## Exercise goal:
In the data that follows, count the lines in which the word "Dress" occurs, and report that figure alone.

## Data for this task:
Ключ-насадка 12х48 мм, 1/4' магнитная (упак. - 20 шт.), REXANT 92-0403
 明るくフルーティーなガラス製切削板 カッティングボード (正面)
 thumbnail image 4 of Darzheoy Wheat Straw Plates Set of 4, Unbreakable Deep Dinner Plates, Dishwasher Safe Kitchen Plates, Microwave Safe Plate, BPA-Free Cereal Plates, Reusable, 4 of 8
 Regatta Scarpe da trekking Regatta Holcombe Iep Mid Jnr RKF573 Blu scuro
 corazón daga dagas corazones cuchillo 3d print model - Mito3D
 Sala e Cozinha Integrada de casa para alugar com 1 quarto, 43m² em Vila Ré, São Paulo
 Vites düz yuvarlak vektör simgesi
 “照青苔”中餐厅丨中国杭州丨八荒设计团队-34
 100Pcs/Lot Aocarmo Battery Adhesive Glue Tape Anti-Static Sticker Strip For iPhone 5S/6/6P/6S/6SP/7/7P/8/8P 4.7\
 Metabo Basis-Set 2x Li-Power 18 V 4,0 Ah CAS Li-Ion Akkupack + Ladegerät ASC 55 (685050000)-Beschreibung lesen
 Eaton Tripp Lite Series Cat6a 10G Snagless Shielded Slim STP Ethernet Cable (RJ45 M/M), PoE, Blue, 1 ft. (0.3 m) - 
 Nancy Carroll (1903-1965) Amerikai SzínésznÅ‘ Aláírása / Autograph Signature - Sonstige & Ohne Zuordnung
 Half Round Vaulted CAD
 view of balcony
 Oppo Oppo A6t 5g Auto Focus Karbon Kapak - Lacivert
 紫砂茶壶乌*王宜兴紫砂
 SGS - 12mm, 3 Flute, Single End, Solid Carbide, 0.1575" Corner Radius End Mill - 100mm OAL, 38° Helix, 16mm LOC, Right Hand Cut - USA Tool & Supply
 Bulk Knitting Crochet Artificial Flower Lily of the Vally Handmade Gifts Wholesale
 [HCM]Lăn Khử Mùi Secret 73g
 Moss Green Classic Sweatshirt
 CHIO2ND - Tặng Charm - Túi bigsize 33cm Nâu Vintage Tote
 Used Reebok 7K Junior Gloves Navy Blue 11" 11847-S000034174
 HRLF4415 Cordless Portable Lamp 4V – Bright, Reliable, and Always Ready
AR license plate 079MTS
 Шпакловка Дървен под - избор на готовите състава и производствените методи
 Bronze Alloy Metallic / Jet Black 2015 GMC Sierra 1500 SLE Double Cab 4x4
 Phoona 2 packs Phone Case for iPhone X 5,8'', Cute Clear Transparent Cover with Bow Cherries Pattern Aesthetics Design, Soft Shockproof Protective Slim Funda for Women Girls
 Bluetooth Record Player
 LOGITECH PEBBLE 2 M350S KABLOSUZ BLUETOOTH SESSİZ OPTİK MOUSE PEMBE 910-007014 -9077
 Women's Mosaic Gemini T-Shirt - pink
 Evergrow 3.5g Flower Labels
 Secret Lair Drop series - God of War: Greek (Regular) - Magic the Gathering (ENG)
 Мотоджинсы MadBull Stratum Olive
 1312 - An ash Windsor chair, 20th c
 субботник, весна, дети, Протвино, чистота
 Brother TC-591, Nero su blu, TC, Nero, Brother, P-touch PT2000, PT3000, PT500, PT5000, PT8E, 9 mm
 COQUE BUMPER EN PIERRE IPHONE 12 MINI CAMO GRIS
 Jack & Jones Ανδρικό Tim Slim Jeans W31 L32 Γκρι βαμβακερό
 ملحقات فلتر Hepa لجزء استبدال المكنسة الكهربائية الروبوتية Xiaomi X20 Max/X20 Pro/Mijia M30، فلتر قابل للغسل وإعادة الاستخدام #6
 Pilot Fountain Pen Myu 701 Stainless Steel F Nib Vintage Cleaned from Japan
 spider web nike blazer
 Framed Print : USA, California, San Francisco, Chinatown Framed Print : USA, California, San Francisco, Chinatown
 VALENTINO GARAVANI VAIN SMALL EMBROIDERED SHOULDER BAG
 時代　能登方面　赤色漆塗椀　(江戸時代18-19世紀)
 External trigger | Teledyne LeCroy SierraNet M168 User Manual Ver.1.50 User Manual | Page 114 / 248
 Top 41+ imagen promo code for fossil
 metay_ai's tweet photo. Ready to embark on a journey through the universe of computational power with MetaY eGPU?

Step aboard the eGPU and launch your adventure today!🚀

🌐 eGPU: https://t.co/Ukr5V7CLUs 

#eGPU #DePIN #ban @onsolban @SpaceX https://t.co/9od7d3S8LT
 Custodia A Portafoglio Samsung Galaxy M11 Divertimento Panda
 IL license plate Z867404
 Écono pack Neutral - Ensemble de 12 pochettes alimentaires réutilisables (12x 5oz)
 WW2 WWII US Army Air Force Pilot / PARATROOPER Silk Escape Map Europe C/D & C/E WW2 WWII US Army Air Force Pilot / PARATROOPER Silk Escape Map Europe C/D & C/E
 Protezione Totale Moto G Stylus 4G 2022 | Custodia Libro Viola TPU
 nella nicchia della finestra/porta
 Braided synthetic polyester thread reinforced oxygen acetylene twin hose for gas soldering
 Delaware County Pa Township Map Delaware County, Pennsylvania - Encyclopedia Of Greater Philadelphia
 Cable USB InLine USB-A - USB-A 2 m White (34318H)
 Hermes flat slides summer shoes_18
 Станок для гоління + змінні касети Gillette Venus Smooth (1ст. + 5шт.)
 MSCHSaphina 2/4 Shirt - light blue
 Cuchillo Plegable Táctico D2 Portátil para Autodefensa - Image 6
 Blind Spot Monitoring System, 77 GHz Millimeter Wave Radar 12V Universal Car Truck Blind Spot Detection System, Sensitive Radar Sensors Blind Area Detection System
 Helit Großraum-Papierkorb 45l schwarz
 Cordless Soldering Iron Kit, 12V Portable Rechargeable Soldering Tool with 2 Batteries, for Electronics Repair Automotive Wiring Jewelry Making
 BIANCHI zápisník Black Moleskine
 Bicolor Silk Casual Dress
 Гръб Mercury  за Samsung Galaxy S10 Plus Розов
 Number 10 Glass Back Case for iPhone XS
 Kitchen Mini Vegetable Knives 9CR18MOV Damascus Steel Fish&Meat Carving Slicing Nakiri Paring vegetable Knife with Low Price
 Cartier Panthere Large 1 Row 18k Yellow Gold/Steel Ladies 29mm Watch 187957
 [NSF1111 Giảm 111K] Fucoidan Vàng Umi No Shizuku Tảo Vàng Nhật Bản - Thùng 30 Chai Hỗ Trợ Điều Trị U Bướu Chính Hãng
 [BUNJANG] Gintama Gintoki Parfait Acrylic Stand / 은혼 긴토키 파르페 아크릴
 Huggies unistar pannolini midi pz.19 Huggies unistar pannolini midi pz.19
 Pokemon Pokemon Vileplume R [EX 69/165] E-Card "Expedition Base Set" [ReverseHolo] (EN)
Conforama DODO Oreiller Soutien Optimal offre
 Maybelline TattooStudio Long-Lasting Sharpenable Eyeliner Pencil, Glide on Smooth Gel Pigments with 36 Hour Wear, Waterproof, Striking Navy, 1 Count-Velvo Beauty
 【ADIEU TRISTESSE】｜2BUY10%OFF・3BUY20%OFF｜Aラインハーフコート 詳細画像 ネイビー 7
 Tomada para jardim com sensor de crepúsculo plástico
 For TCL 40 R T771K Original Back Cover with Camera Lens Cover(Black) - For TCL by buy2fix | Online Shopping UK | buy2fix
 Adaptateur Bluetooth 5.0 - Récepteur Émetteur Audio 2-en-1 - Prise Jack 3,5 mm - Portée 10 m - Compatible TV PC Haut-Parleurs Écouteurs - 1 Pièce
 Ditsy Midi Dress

## Result for this task:
2